Stored data entries
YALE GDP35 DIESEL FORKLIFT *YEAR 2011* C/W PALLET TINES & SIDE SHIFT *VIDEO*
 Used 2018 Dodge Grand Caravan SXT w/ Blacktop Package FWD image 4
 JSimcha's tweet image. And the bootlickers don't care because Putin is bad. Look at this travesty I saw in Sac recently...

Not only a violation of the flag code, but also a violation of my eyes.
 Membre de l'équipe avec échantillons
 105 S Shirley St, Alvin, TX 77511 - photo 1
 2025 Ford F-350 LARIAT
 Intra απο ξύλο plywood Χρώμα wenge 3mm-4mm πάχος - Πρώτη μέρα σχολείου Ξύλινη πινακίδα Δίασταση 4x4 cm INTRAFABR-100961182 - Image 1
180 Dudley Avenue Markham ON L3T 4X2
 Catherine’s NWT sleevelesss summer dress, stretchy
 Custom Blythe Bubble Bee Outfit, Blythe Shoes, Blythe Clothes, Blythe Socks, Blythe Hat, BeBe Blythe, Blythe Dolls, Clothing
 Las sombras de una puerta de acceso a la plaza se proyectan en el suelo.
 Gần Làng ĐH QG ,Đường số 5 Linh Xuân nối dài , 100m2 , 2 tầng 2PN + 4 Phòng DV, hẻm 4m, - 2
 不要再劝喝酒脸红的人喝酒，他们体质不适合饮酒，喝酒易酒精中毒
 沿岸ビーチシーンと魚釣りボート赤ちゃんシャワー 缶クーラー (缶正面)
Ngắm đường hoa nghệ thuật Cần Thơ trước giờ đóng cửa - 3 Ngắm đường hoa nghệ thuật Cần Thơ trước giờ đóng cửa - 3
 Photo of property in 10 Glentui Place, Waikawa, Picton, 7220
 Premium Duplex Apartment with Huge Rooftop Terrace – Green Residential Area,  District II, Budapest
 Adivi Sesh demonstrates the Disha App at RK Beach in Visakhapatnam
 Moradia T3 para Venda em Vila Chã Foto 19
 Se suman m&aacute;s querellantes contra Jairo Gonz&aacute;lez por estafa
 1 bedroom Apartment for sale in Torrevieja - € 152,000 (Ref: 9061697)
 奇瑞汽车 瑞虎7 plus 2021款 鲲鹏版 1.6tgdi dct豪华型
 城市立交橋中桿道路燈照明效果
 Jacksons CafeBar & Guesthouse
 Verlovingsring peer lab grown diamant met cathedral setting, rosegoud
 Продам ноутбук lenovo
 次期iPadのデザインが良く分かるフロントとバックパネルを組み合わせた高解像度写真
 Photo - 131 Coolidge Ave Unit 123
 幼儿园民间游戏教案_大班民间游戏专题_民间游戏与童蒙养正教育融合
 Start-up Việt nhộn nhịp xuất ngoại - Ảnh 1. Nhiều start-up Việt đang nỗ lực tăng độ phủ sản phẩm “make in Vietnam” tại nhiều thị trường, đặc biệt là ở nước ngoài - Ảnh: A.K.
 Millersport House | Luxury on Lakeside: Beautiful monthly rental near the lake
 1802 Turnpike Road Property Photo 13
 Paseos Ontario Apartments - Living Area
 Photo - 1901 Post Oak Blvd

PROBLEM TO SOLVE:
Print exactly the lines above, between the one holding "不要再劝喝酒脸红的人喝酒，他们体质不适合饮酒，喝酒易酒精中毒" and the one holding "Jacksons CafeBar & Guesthouse", inclusive, and nothing besides.

RESULT BELOW:
 不要再劝喝酒脸红的人喝酒，他们体质不适合饮酒，喝酒易酒精中毒
 沿岸ビーチシーンと魚釣りボート赤ちゃんシャワー 缶クーラー (缶正面)
Ngắm đường hoa nghệ thuật Cần Thơ trước giờ đóng cửa - 3 Ngắm đường hoa nghệ thuật Cần Thơ trước giờ đóng cửa - 3
 Photo of property in 10 Glentui Place, Waikawa, Picton, 7220
 Premium Duplex Apartment with Huge Rooftop Terrace – Green Residential Area,  District II, Budapest
 Adivi Sesh demonstrates the Disha App at RK Beach in Visakhapatnam
 Moradia T3 para Venda em Vila Chã Foto 19
 Se suman m&aacute;s querellantes contra Jairo Gonz&aacute;lez por estafa
 1 bedroom Apartment for sale in Torrevieja - € 152,000 (Ref: 9061697)
 奇瑞汽车 瑞虎7 plus 2021款 鲲鹏版 1.6tgdi dct豪华型
 城市立交橋中桿道路燈照明效果
 Jacksons CafeBar & Guesthouse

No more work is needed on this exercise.